▶ **What to work on**: Leaving out all pictures, transcribe exactly the lines between the line with "El truco para" and the last line of the records below, both included.

▶ **Working data**:
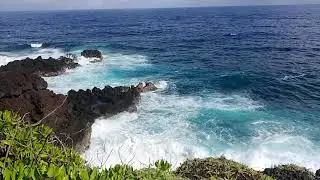 Powerful ocean waves in Hawai'i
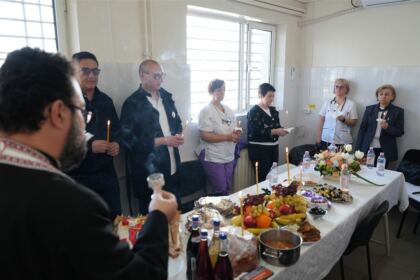 Rugăciune, filantropie şi bucurie duhovnicească la sărbătoarea Bunei Vestiri în Arhiepiscopia Dunării de Jos – fotografia 70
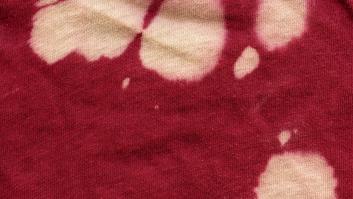 El truco para acabar con las manchas de lejía de la ropa con un factor clave para que funcione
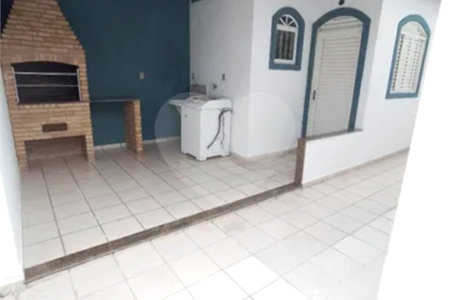 CASA A VENDA NO BAIRRO TRINTA E UM DE MARÇO COM 3 DORMITORIOS, 2 BANHEIROS, 2 VAGAS, SJC
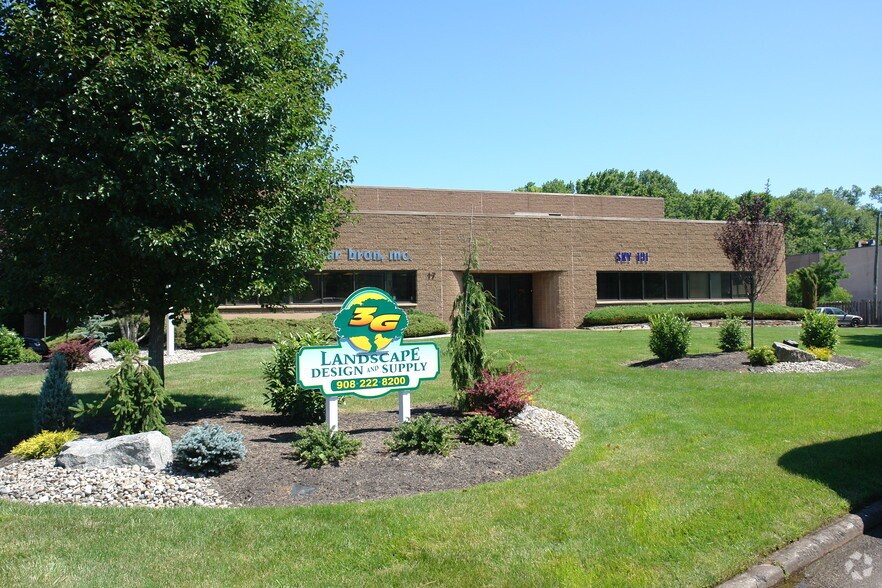 17 Progress St, Edison, NJ for sale - Primary Photo - Image 1 of 1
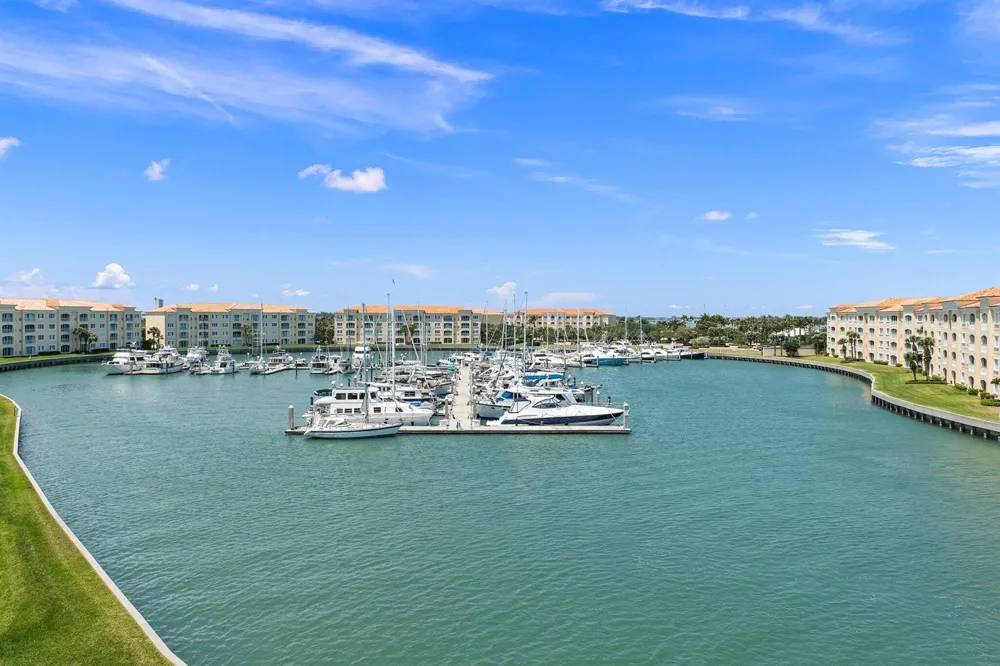17 Harbour Isle Drive W #Ph03 Hutchinson Island, FL 34949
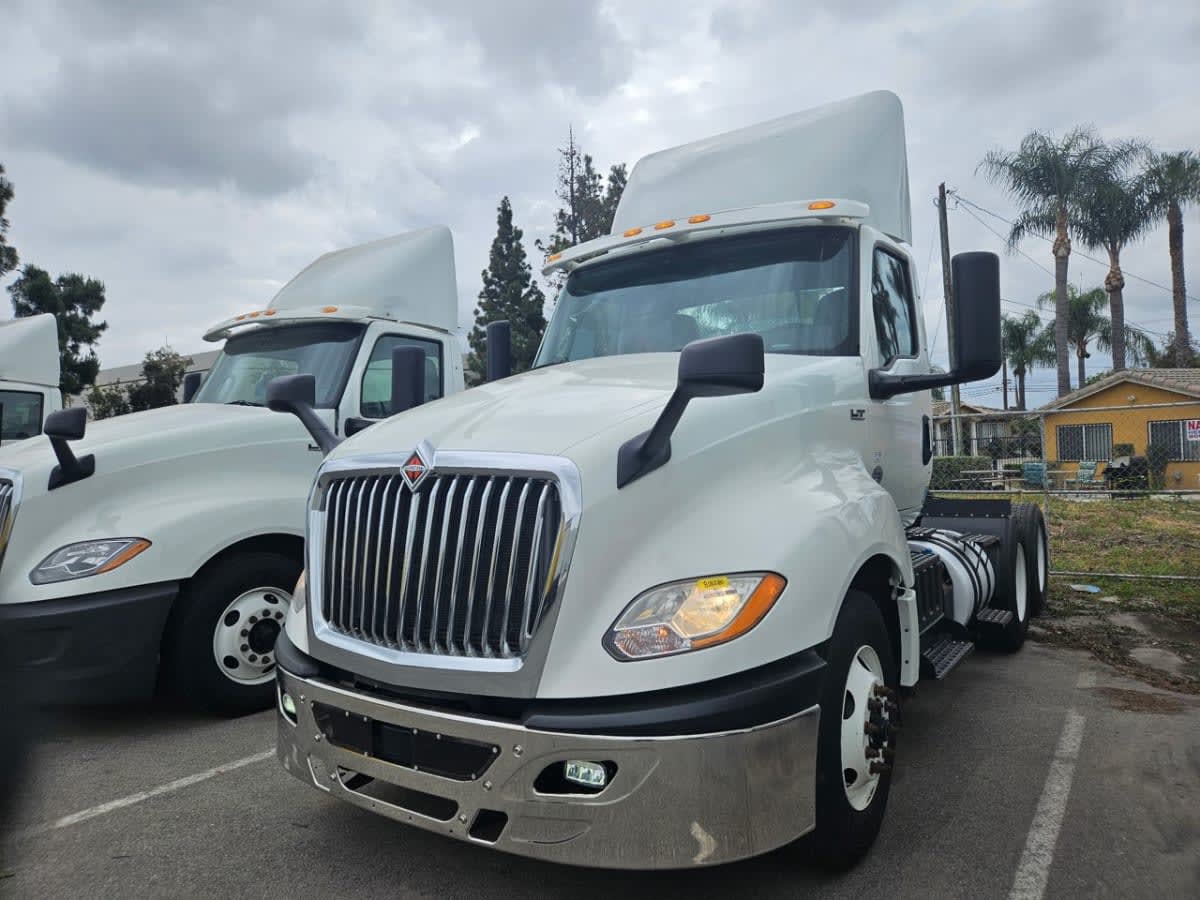 2019 Navistar International LT625 DAYCAB T/A 826080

▶ **Response for this exercise**:
 El truco para acabar con las manchas de lejía de la ropa con un factor clave para que funcione
 CASA A VENDA NO BAIRRO TRINTA E UM DE MARÇO COM 3 DORMITORIOS, 2 BANHEIROS, 2 VAGAS, SJC
 17 Progress St, Edison, NJ for sale - Primary Photo - Image 1 of 1
17 Harbour Isle Drive W #Ph03 Hutchinson Island, FL 34949
 2019 Navistar International LT625 DAYCAB T/A 826080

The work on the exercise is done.